Sozusagen ein virtueller globaler Ozean um die gesamte Erde. Seine Form ist objektiv messbar, an welcher Stelle man ihn aber an den realen Ozean anpasst, das bleibt eine Frage der Festlegung. Derzeit ist da wieder der alte Pegel von Amsterdam im Gespräch. Wobei durchaus nicht alle davon überzeugt sind, dass ein globales Höhensystem notwendig ist. Der virtuelle Meeresspiegel des Geoids liegt in manchen Städten mehrere Meter über den Köpfen der Menschen. Das ist zwar mathematisch egal, für die alltägliche Arbeit der Architekten und Stadtplaner aber nicht besonders praktisch. Und die Praxis entscheidet, ob sich ein Höhenstandard wie das Geoid durchsetzt, betont Wilko von Hardenberg.

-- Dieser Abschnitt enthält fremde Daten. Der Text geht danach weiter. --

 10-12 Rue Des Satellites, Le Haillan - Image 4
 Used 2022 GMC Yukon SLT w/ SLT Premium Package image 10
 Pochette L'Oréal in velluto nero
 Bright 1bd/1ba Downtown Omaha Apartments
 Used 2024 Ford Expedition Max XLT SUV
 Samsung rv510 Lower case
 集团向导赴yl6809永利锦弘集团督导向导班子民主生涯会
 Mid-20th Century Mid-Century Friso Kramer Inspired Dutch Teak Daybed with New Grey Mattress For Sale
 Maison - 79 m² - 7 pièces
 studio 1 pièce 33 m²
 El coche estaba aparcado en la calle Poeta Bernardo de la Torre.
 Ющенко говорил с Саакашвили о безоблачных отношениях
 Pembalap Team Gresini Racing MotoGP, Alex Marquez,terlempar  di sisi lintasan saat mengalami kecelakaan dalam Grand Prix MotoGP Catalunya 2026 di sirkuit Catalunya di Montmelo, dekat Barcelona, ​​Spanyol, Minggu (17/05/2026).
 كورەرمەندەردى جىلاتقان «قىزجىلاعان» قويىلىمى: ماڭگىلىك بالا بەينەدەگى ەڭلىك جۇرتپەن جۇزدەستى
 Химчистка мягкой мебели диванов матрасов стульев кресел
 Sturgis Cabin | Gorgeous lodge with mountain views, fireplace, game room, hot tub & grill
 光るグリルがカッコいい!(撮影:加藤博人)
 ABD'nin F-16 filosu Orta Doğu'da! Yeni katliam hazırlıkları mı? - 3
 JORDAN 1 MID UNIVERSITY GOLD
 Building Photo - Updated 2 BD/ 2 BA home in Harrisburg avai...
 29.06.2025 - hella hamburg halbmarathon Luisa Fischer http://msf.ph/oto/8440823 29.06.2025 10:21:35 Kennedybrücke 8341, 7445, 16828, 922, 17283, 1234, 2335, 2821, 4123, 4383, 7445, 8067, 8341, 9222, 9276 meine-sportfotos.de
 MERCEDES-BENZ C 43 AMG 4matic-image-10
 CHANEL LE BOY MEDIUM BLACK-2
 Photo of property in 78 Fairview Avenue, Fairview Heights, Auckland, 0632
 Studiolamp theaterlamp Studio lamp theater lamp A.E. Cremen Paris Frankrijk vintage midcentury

Von Hardenberg: "Die Frage ist ob es nützlich ist, ob es nützlich bleiben wird. Ob wir in zehn Jahren noch dieselbe politische Aussicht haben, ob uns immer noch dieser Punkt interessiert oder ob die Probleme die das Anthropozän bringt nicht lokal so viel gravierender sind, das viel Interesse verliert im globalen, weil uns wirklich die Änderung des Meeresspiegel in dieser gewissen Bucht interessieren zum Beispiel Hafen Hamburg oder Bremerhaven."
Für den globalen Klimawandel bleibt eine globale Messlatte aber wichtig. Ursprünglich ging es bei der Festlegung des mittleren Meeresspiegels um die Arbeit an Land, inzwischen nimmt man damit wieder das Meer selbst in den Blick.
Von Hardenberg: "Heute wenn man von level of the sea spricht, wenn man von Meereshöhe spricht, spricht man von Klimawandel, Anthropozän, Änderung der Welt durch die Hand des Menschen und immer weniger vom Höhendatum."